Download, unzip and run *bd_rem_tool_gui* from here


----------



## Boco (Jun 29, 2005)

I downloaded and ran it and the scan didn't find anything. After running the scan, I tried to get into www.Microsoft.com, and couldn't - got the same message "Internet Explorer cannot display the web page. Sorry.


----------



## TOGG (Apr 2, 2002)

Have you got another browser you could try, such as Firefox or Opera? Many MS sites only work with IE but, if another browser can at least connect, that might narrow the issue down to IE and its settings. 

If you did have the Conficker worm you might be missing Windows Updates and recent Restore points but variant C, which first appeared in early March, is designed to prevent most security programs from updating, and you say you were able to update Norton/Symantec.What is your latest definitions date?

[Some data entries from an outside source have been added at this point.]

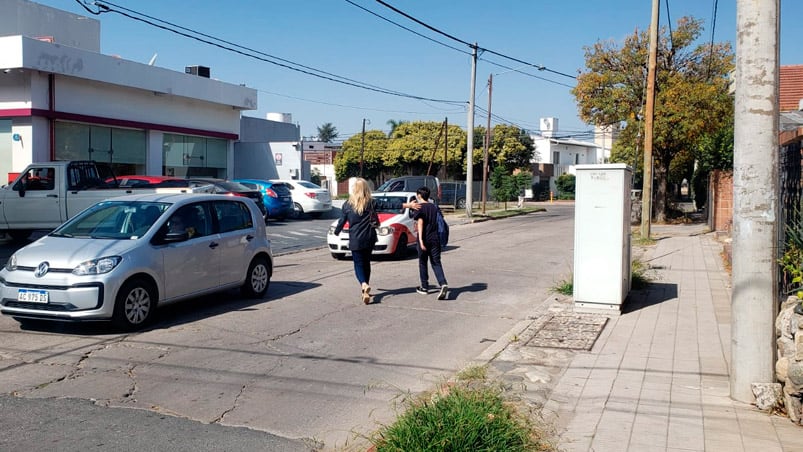 El menor asaltado y su mamá relataron el grave episodio. Foto: Juan Pablo Lavisse/El Doce.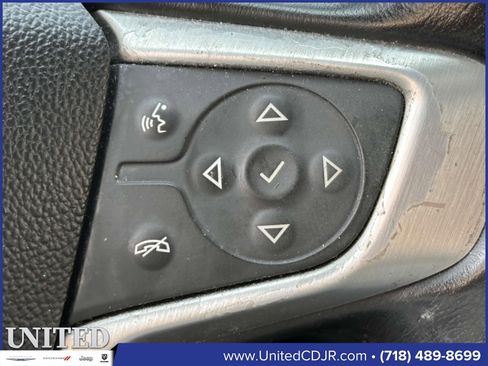 Used 2019 GMC Acadia SLT image 22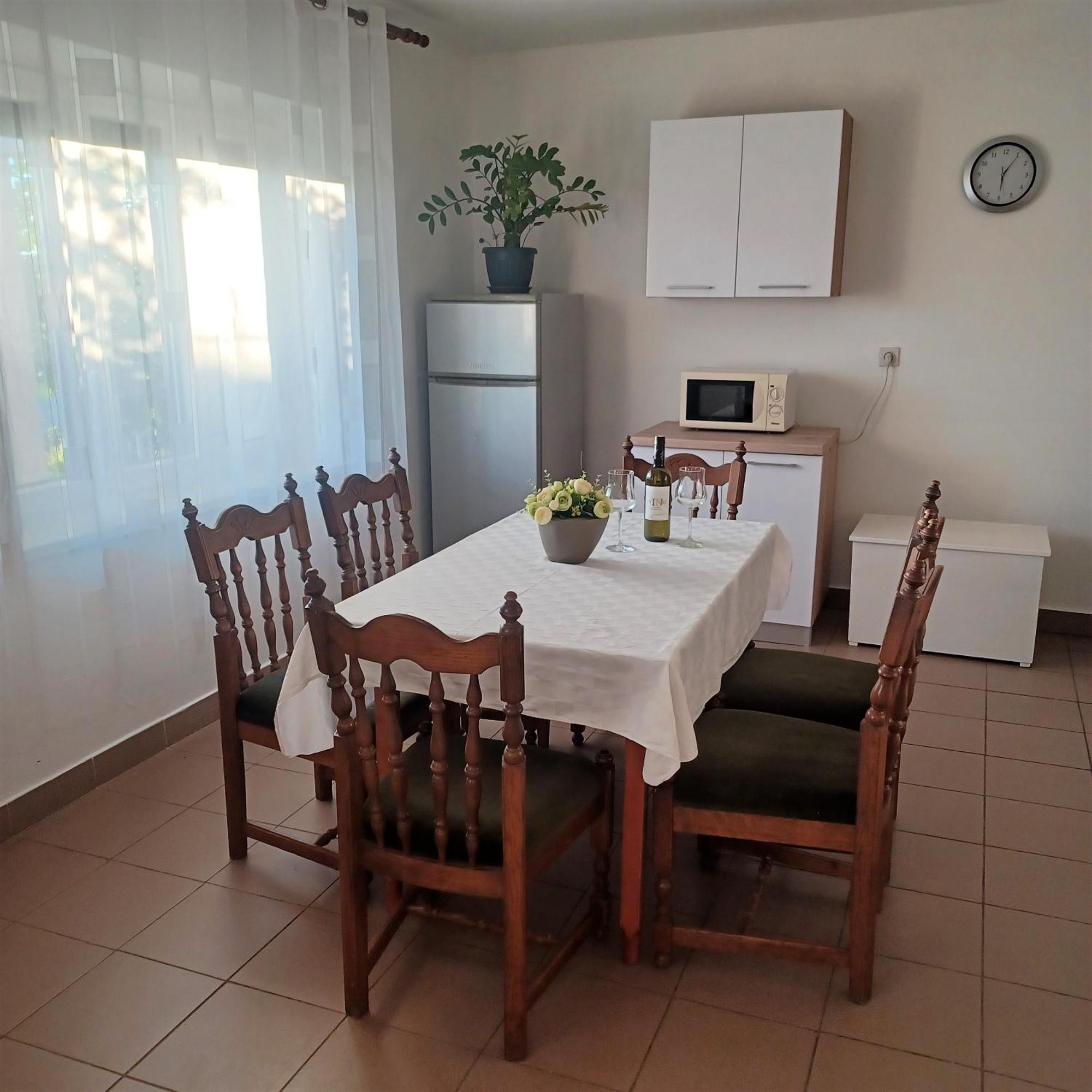 סנג' Apartmani Nada מראה חיצוני תמונה
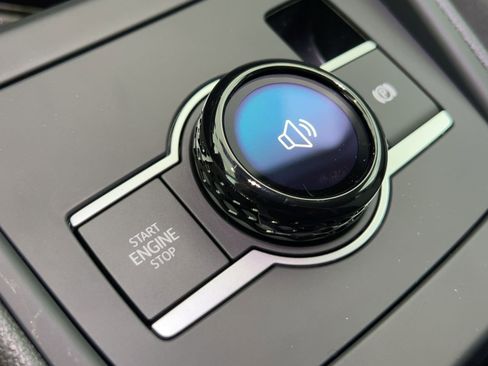 New 2026 Volkswagen Tiguan S image 18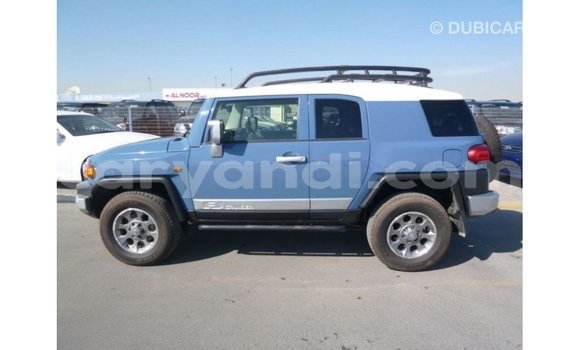 Nunua Imported Toyota FJ Cruiser Bluu Gari ndani ya Import - Dubai nchini Zambia Nunua Imported Toyota FJ Cruiser Bluu Gari ndani ya Import - Dubai nchini Zambia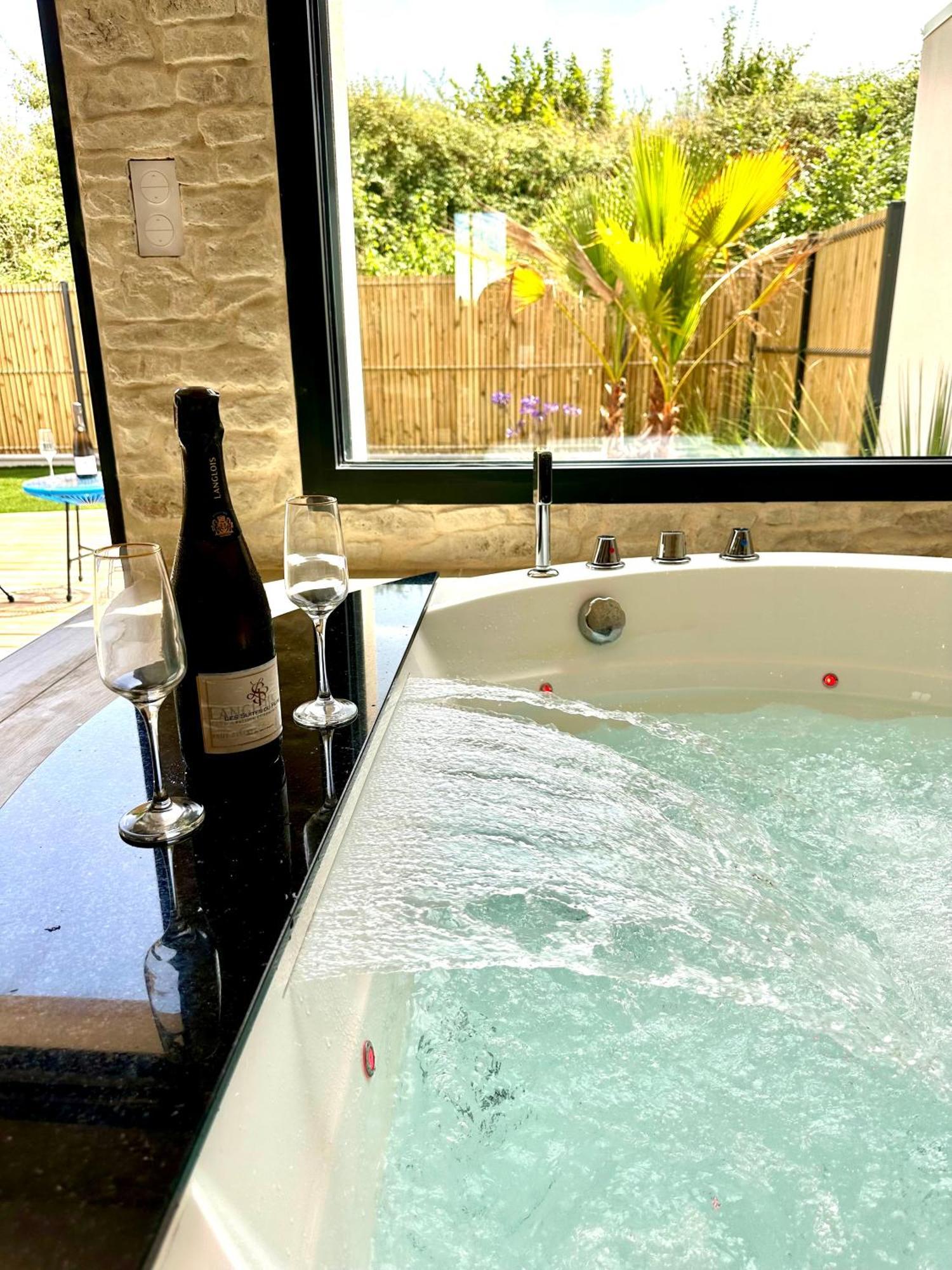 Les Suites Du Payre - Suite Romance Saint-Hilaire-de-Talmont Kültér fotó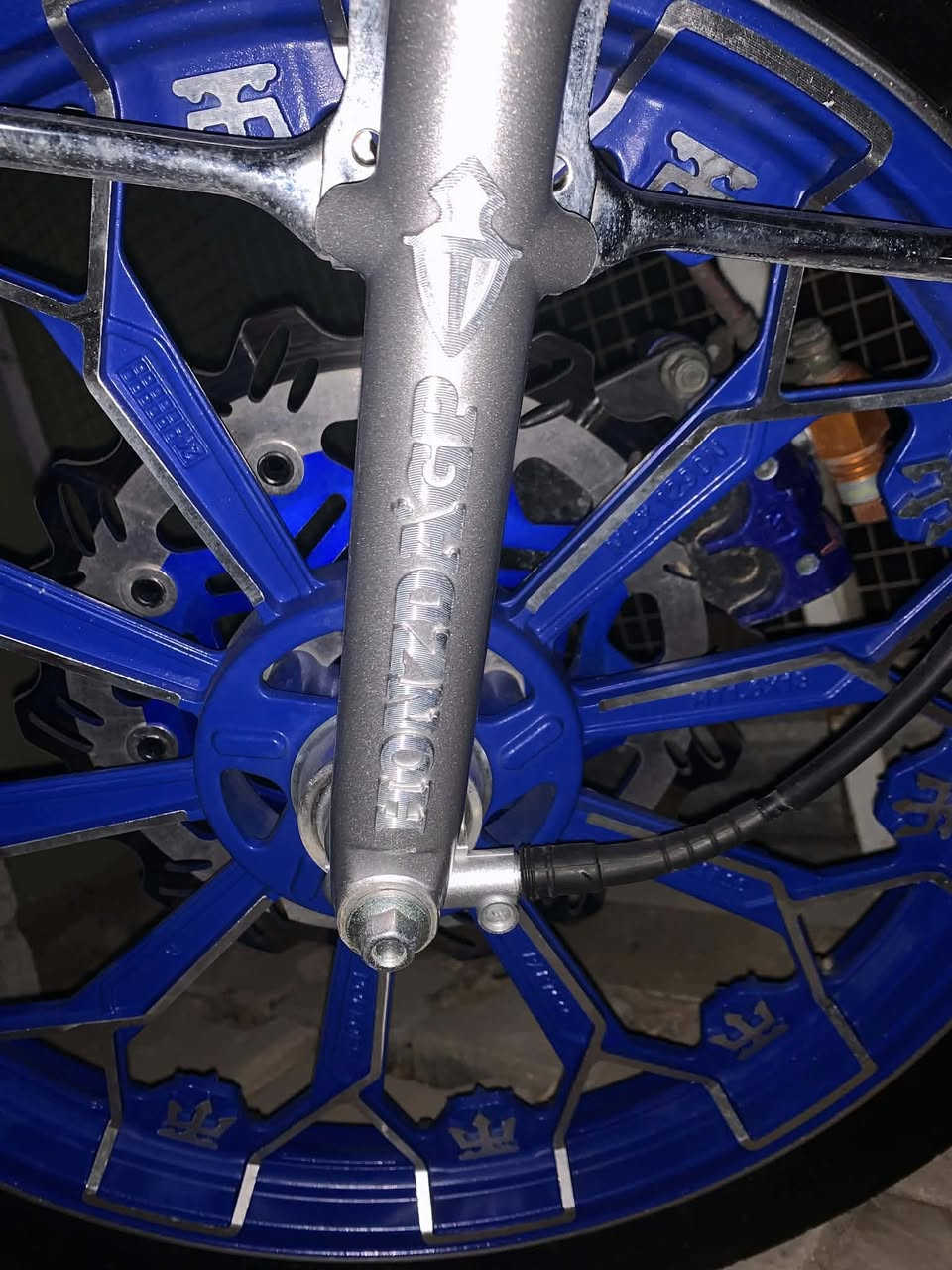 سلام عليكم للبيع دراجه نامي برو موديل 2025 لون مميز رقم كركوك مشروع وطني تحويل ثاني يوم دراجه جاهز من كلشي صندوق ستاند موبايل نقطه شاحنه موبايل زنون اضافي ٣ عدسات درع سعر مليون 850 وا بي مجال للاستفسار ***********
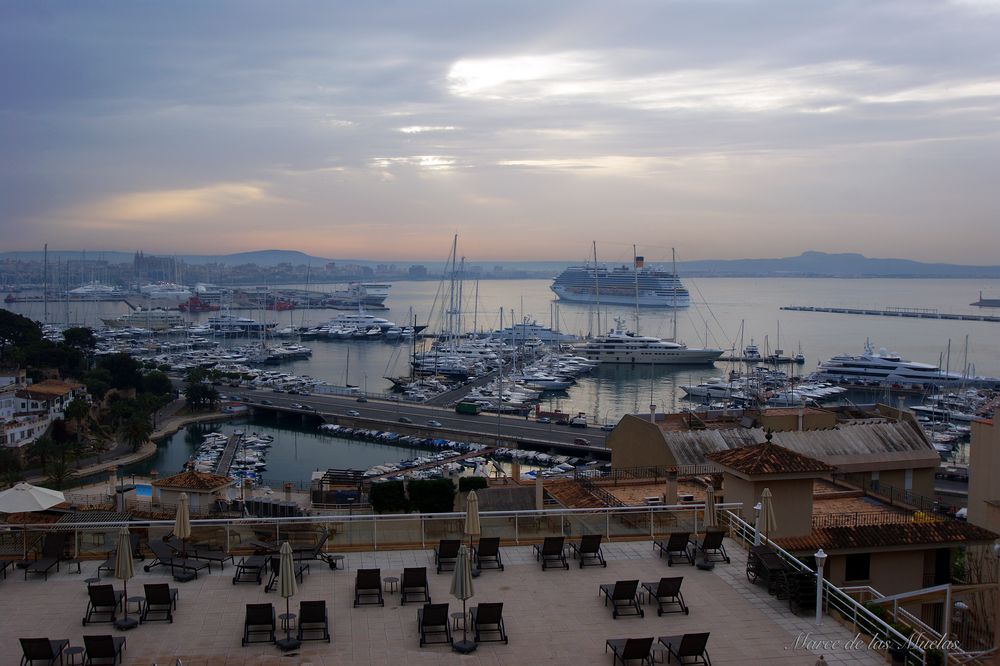 ...Bahia de Palma de Mallorca....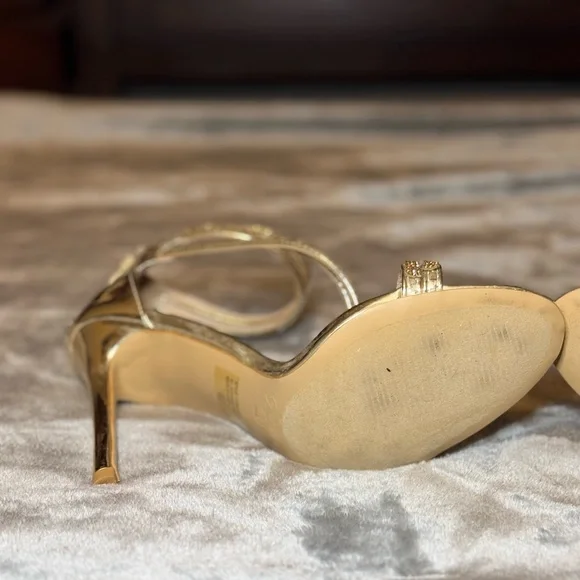 EUC Forever Link Gold Stiletto 4in Heels with Ankle Strap - Picture 6 of 6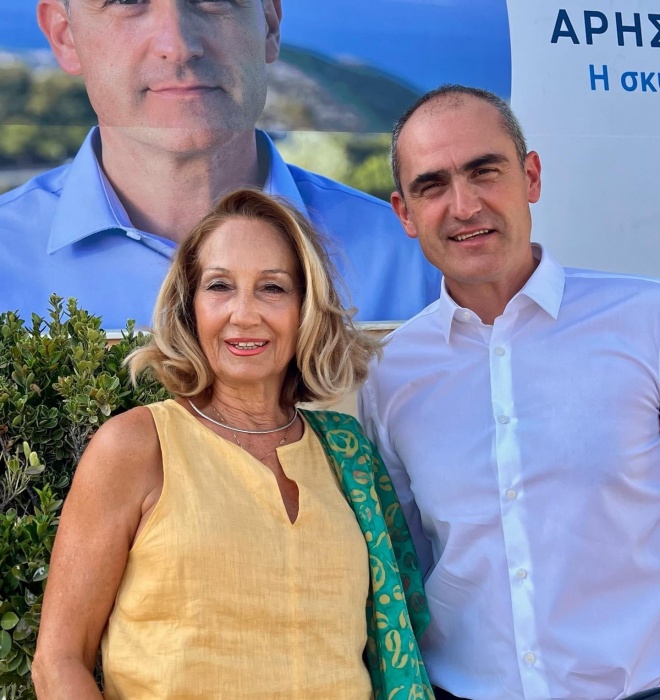 ΜΠΟΥΜ! Και η π. Λυκειάρχης Αναστασία Ρίζου με τον Συνδυασμό ΕΜΕΙΣ του Άρη Παπουτσή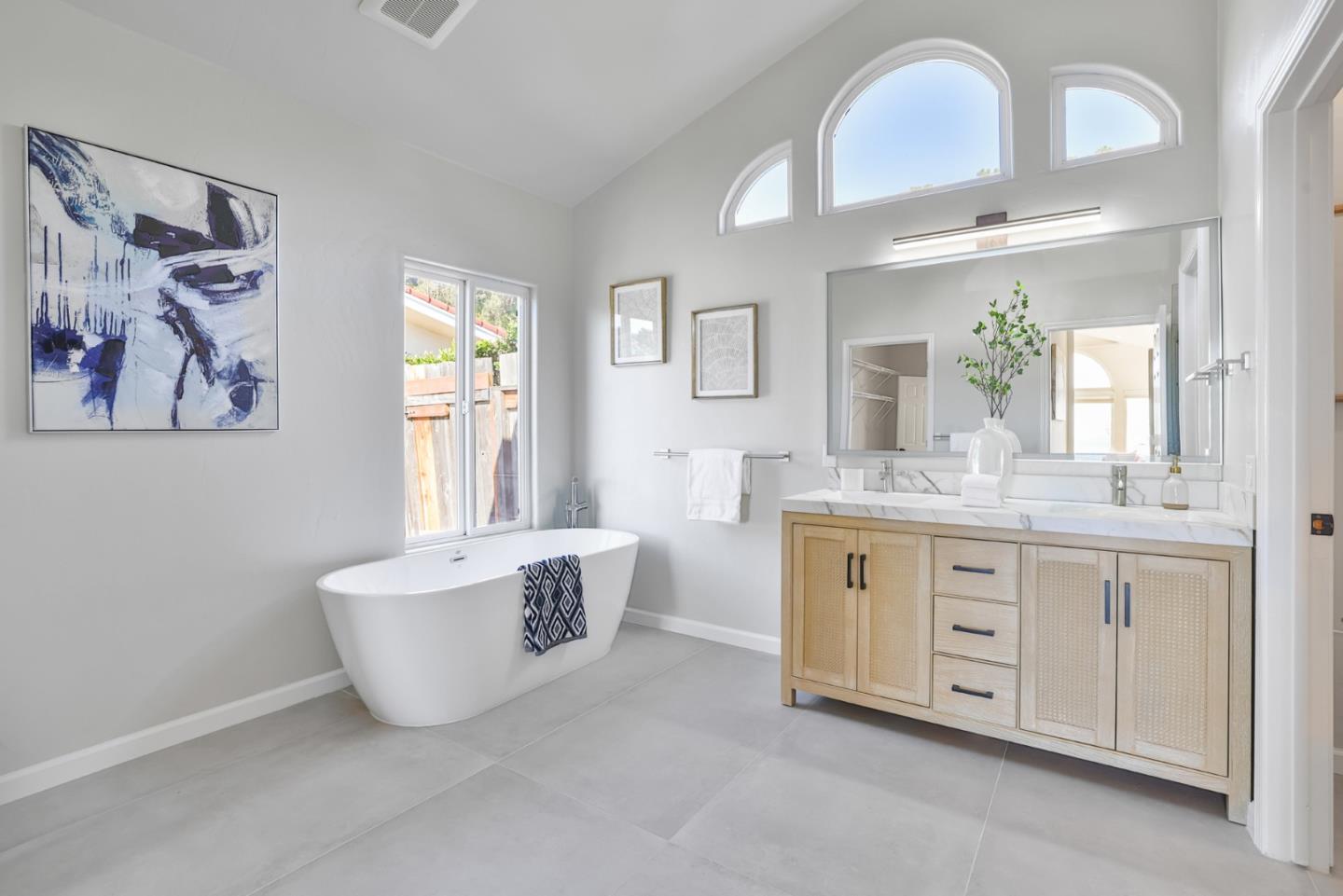 Detail Gallery Image 17 of 42 For 15 Serramar Drive, Oakland,  CA 94611 - 5 Beds | 3/1 Baths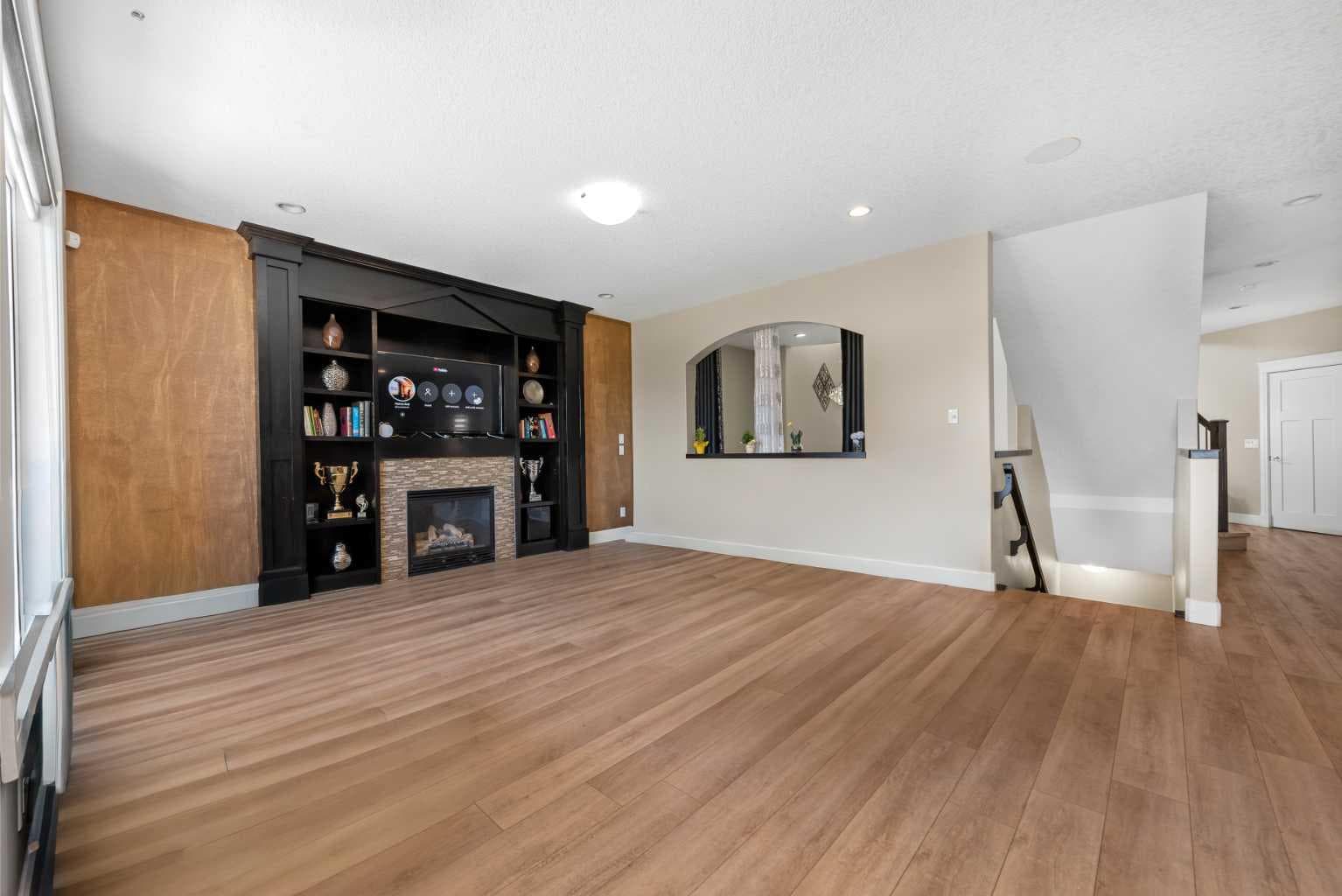 30 Saddlelake View NE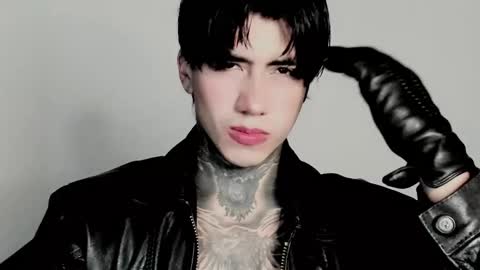 CHRIS  INDEPENT MODEL online show from 11/01/25, 12:12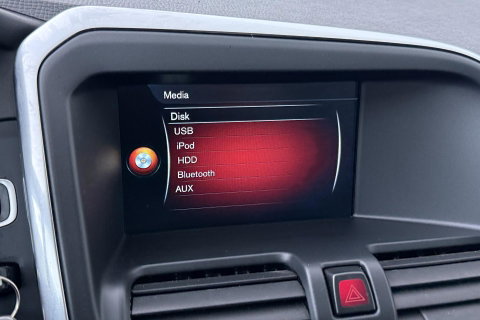 Volvo XC60 2.4 D4 R-Design | 5-Cilinder | Trekhaak | Stoelverwarming | 18 Inch
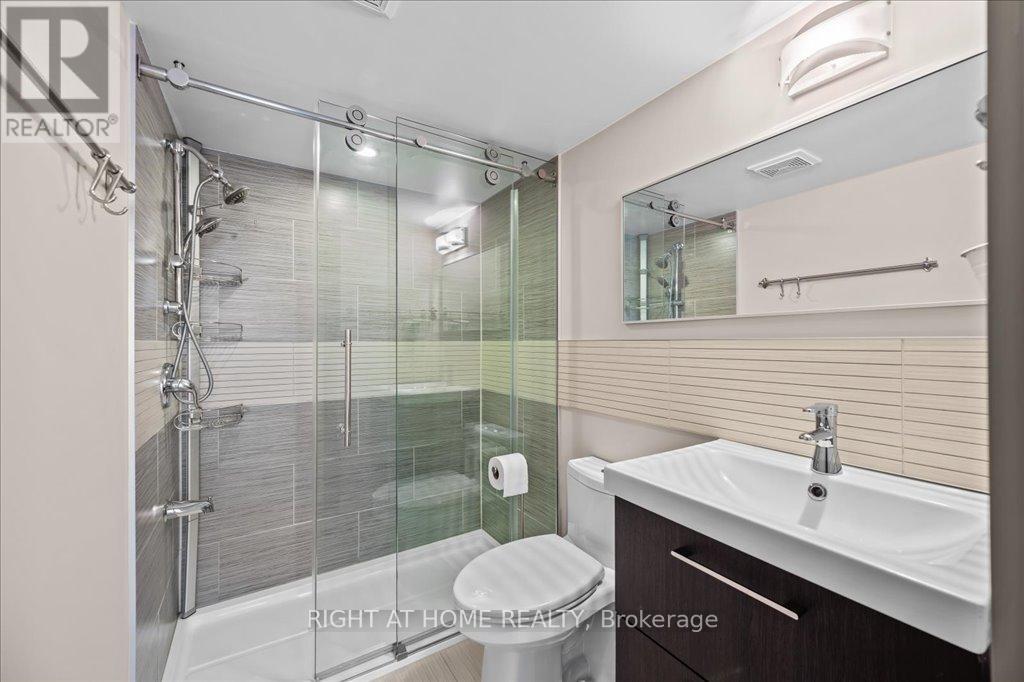 704 Cedar Avenue, Burlington, Ontario  L7T 2R7 - Photo 26 - W12594694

Finally, what happens if you type that MS site's IP address into your browser instead of the URL? The IP address is a series of four groups of numbers separated by full stops as follows; 65.55.21.250


----------



## Phantom010 (Mar 9, 2009)

Did you go through ALL the instructions in post #4?


----------



## Boco (Jun 29, 2005)

I did all of the steps except I wasn't sure how to "add Windows Update to the Trusted Zone site." But I did everything else and still had trouble getting the site.


----------



## Boco (Jun 29, 2005)

This is for Togg - no I don't have another browser. BUT when I used the IP address you gave me I got the Microsoft website! What does it mean when I can get the site with the IP address but not the "wwwwww" address?
As I said before, I'm missing the most recent Windows update KB890830 but the Windows update site says it was sent to me?


----------



## Phantom010 (Mar 9, 2009)

Add windowsupdate.*microsoft*.com/ and www.*microsoft*.com/ to your trusted sites, as described in post #2.


----------



## Boco (Jun 29, 2005)

I added both to Trusted Sites. "www.microsoft.com" still didn't work. Windowsupdate did - but it did b4 with no problem. There seems to be something with the literal www.microsoft.com. I can get into Microsoft site that doesn't start with it.


----------



## Phantom010 (Mar 9, 2009)

Go to your IE Options, under the *Privacy tab*. Click on *Sites*. Make sure www.microsoft.com isn't in the list and *not* set as *Always block*.


----------



## Boco (Jun 29, 2005)

Neither one is there. In fact, no sites are listed.


----------



## Phantom010 (Mar 9, 2009)

Boco said:


> Neither one is there. In fact, no sites are listed.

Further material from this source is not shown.